He’s only ever designed and directed a trio of games since founding Quantic Dream, but David Cage is still the greatest mind the video game industry has seen as far as I’m concerned. Yes, I’m putting him in precisely the same league of greats like Shigeru Miyamoto, Ralph Baer and others of the same stature.
Unfortunately, many of you might not have played one of his three games, though only the most recent one really soared in popularity. The games I’m referring to are the Dreamcast and PC game Omikron: The Nomad Soul; the PC, PS2 and Xbox game Fahrenheit, known as Indigo Prophecy stateside; and Heavy Rain, a game that is unfortunately only on the PS3. What all of these games have in common are that they’re innovative games that don’t focus on the same generic action and really make you think; they tell stories and let you truly get to know the intricacies of your characters so you connect to them and feel the pain they’re feeling. There aren’t nearly enough games these days—are there any?—that take this time to allow you to personally invest yourself in the world before you.

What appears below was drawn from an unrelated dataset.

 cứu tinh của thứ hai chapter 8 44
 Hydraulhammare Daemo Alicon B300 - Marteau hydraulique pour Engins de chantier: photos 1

Fahrenheit puts you in the hands of both Lucas Kane, a man forced to murder a man, as well as the two cops investigating his crime. This allows you to see both sides of the story while you can mildly place some bias toward one side or the other. Heavy Rain takes it one step further, putting you in control of a reporter on a mission, a pair of detectives and the father suffering the loss of his child. Moral choices, huge consequences and the very lives of your characters are all put to the grinder in this game, and you feel so much for every character that it’s impossible to know what to do. There’s so much more I wish I could tell you about this game, but it would really ruin it if you haven’t already played it. As for Omikron’s greatest claim to fame for me, it’s the central focus on David Bowie. That’s honestly all I have to say there.
Honestly, I hope that Quantic Dream continues to thrive so David Cage can keep delivering us interactive heartstrings to tug. Maybe Miyamoto brought us great, long-lasting IPs, it’s safe to say that Quantic Dream games will never turn into a franchise of repeated ideas that, while good, get a little used after awhile.